# Goal of the exercise:
Below are the records; repeat exactly their lines between the line holding "Pierścionek z szafirem" and the line holding "2・5次元Vtuberアイドルユニットあみゅどるのみさとらん", inclusive, skipping the pictures.

# Dataset extract:
*** Begin section ***

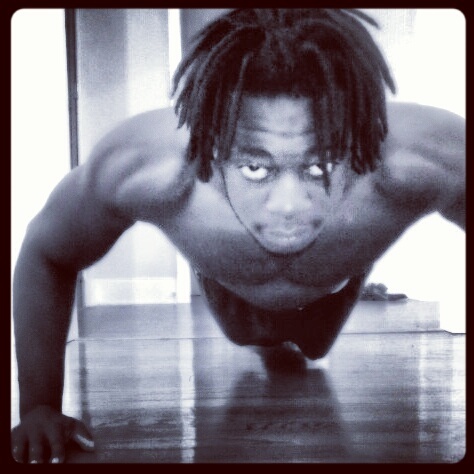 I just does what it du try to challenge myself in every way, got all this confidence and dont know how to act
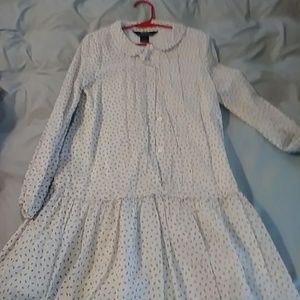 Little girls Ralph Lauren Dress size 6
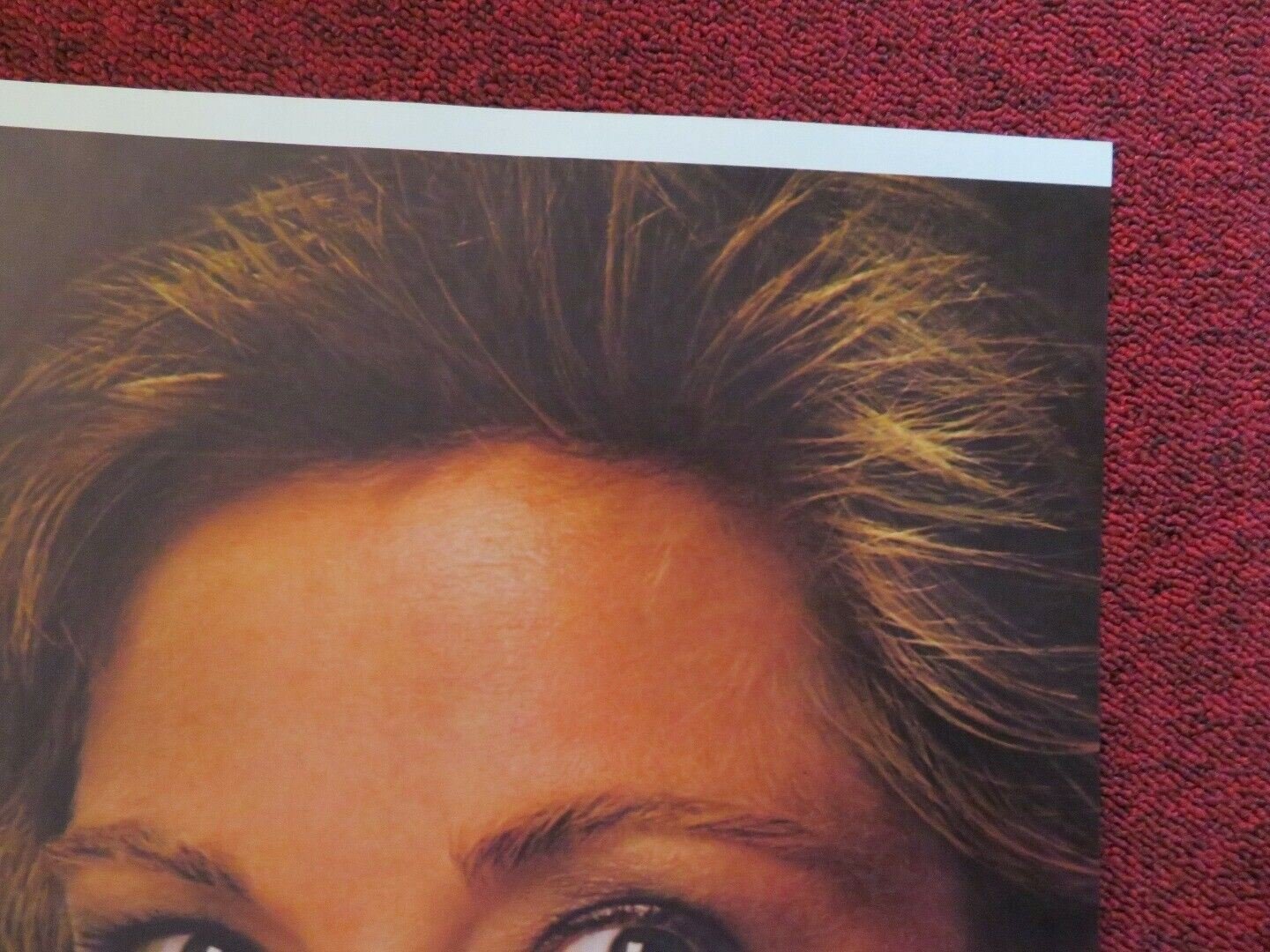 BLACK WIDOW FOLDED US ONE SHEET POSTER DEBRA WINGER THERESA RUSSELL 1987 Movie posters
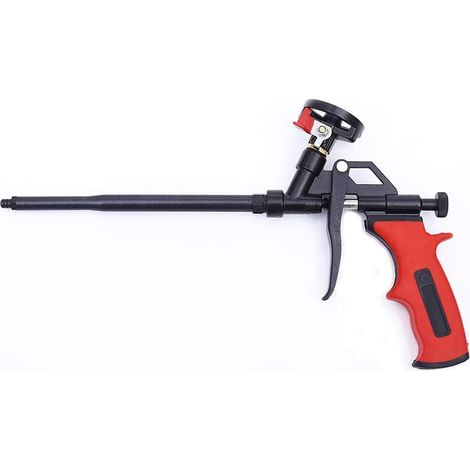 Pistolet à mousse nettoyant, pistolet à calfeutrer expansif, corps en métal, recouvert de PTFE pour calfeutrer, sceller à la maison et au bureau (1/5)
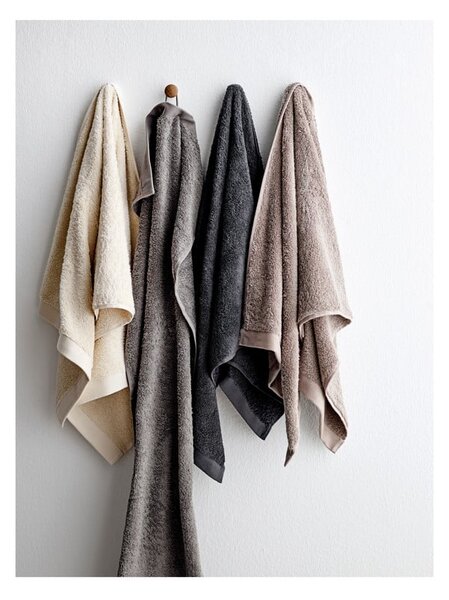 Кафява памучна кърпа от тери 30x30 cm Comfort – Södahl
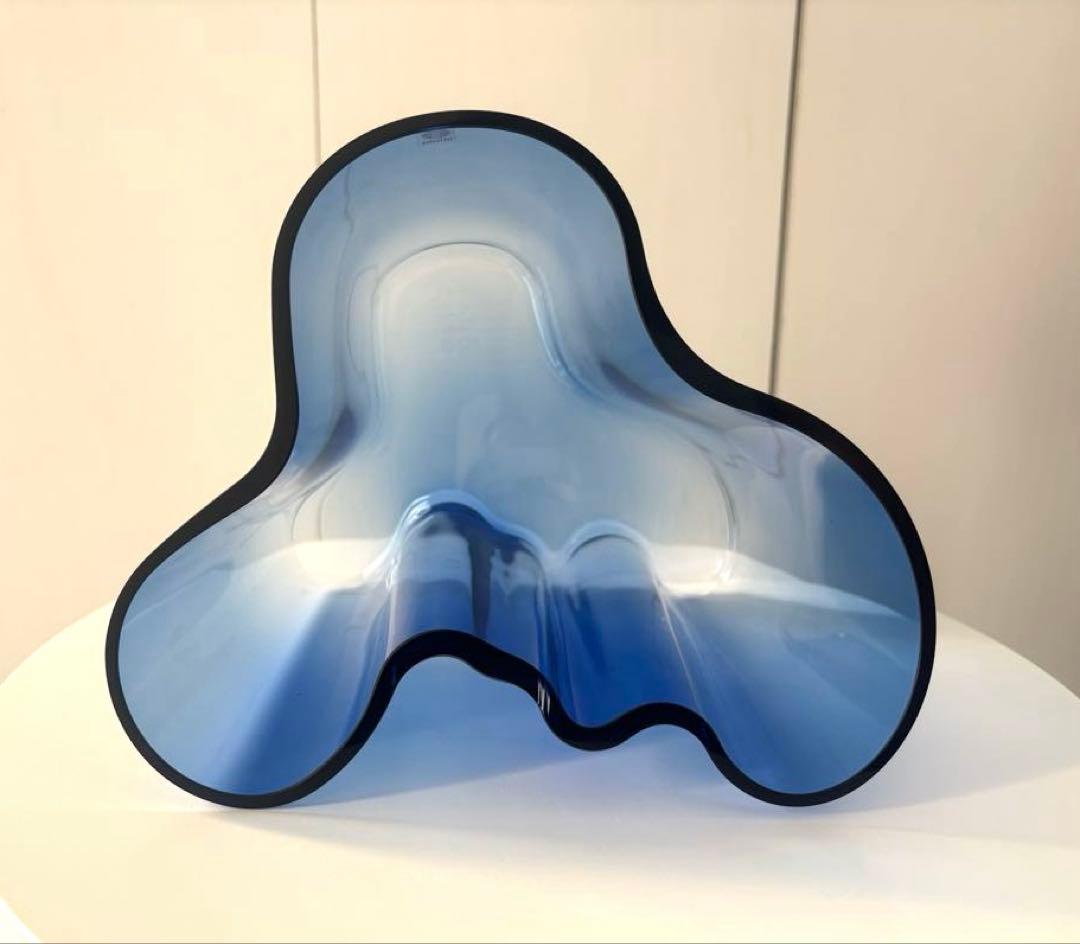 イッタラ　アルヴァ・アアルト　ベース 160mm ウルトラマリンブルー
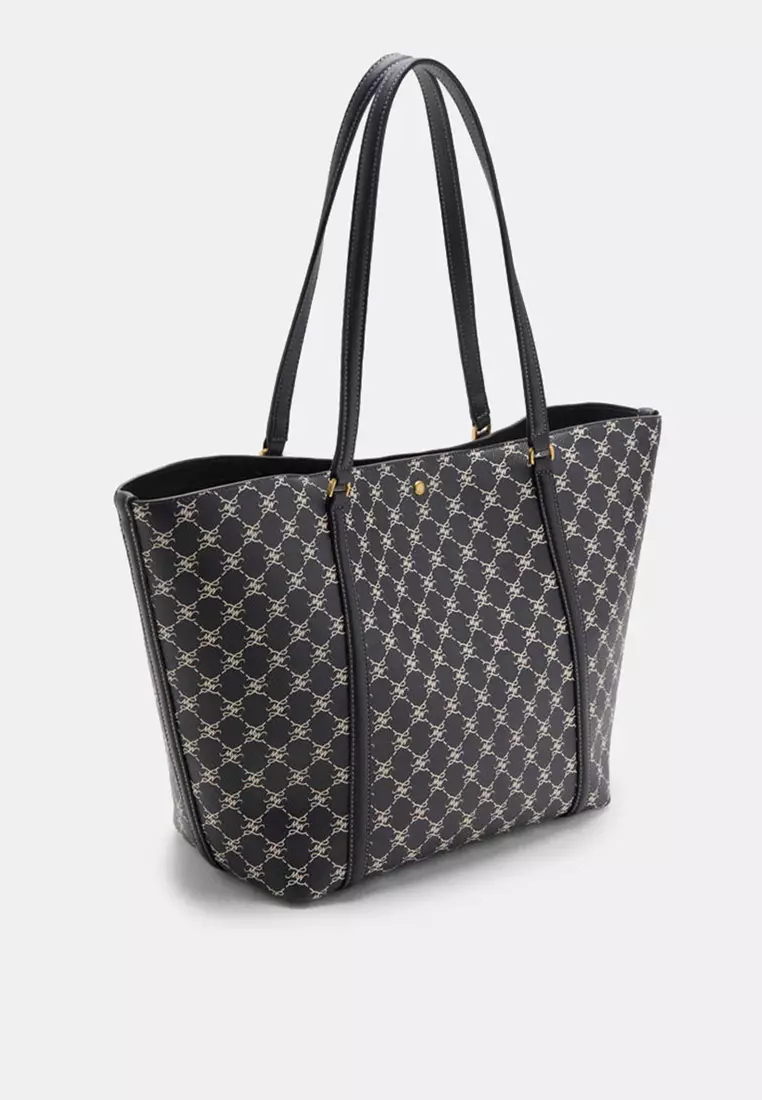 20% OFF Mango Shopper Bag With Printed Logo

*** End section ***
*** Begin section ***

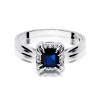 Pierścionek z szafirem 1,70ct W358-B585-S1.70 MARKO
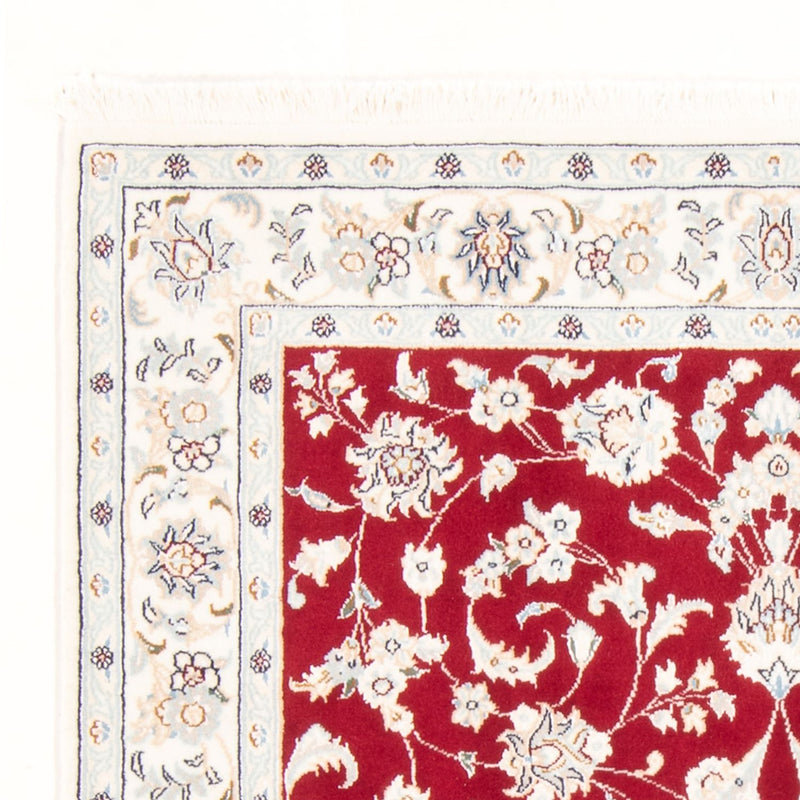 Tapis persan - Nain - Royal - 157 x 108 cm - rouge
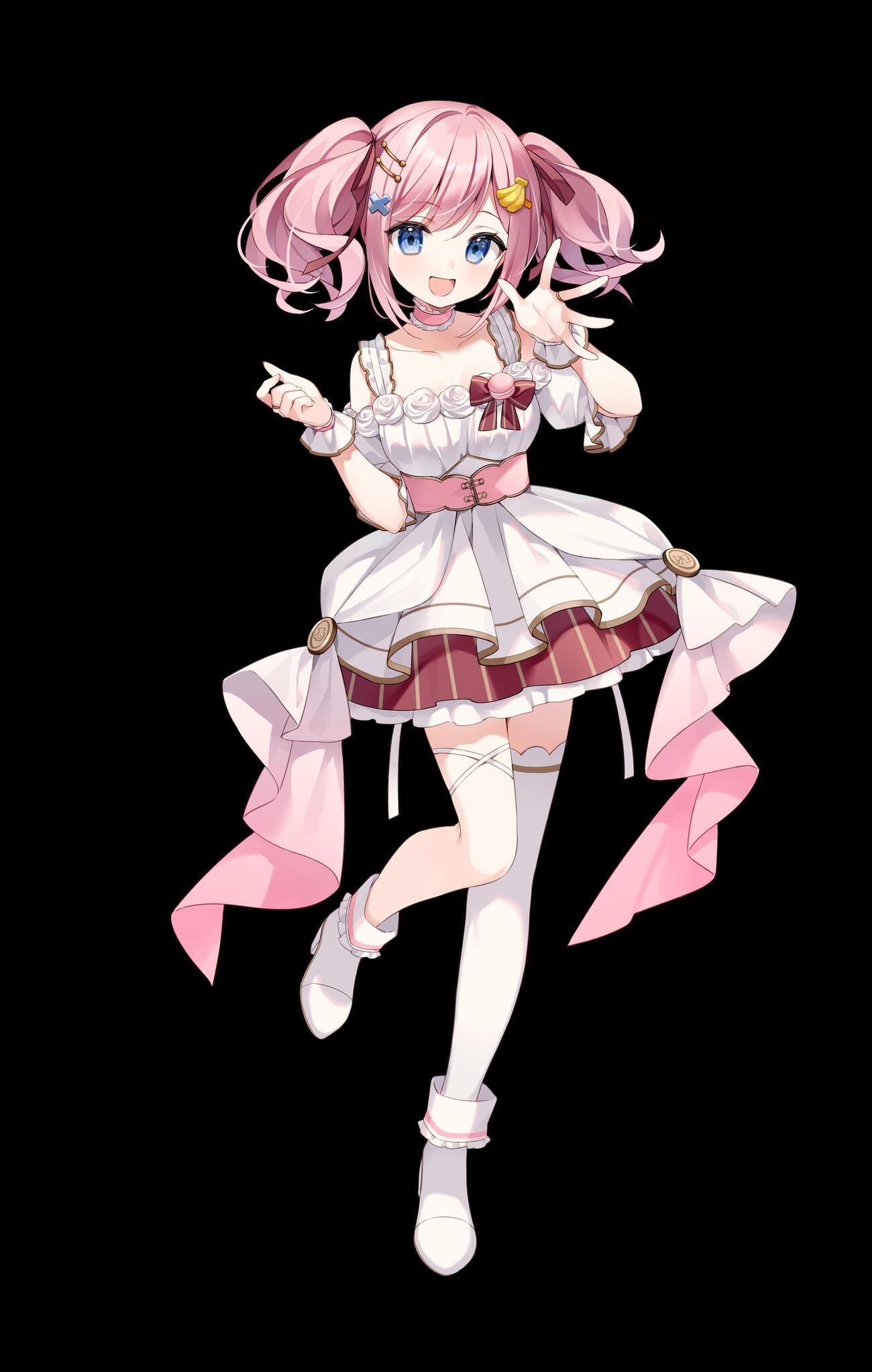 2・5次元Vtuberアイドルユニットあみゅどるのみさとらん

*** End section ***
*** Begin section ***

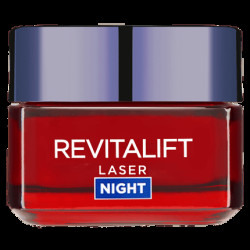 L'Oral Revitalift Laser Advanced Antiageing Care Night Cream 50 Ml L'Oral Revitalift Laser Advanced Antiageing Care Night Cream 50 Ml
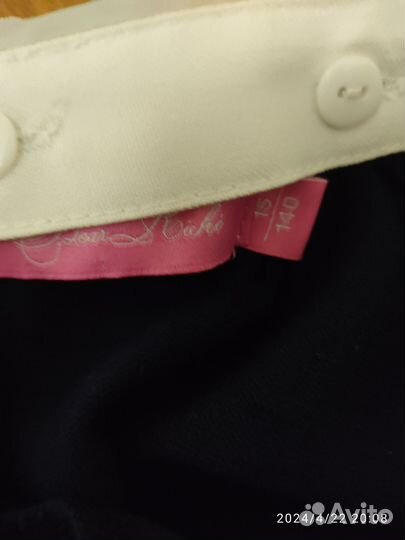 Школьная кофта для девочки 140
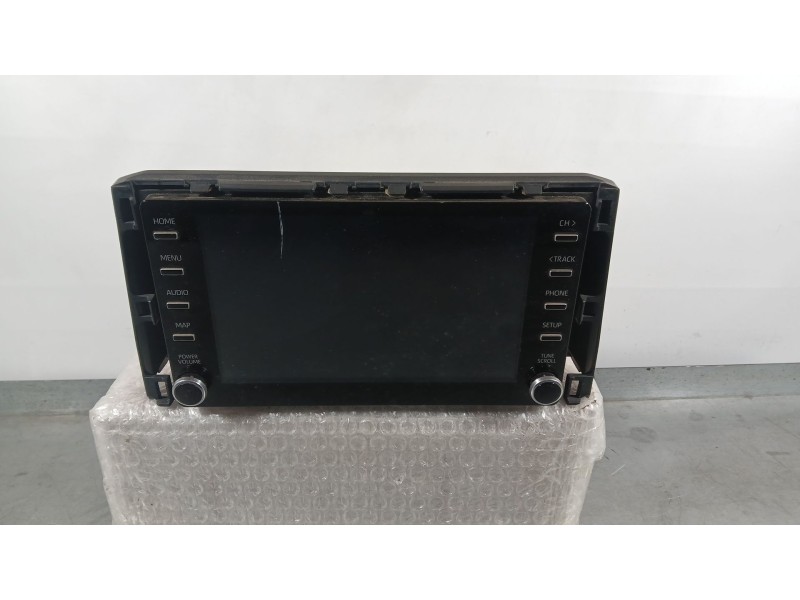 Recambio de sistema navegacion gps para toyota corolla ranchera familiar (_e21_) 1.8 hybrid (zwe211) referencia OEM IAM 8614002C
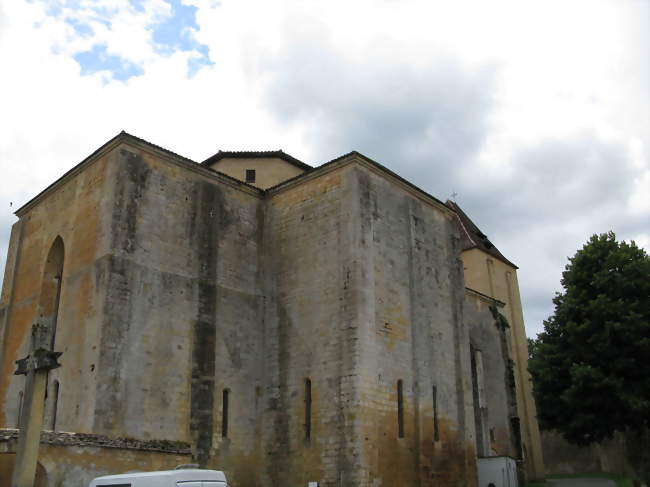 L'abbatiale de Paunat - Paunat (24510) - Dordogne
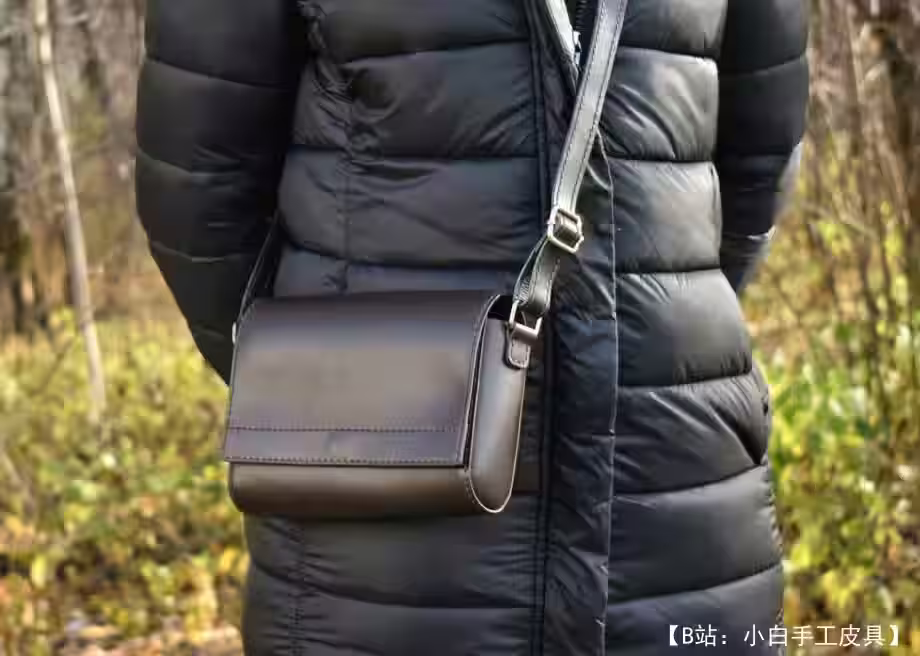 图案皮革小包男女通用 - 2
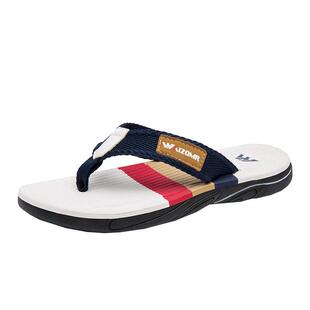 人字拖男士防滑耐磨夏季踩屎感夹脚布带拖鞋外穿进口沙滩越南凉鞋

*** End section ***

# Solution below:
 Pierścionek z szafirem 1,70ct W358-B585-S1.70 MARKO
 Tapis persan - Nain - Royal - 157 x 108 cm - rouge
 2・5次元Vtuberアイドルユニットあみゅどるのみさとらん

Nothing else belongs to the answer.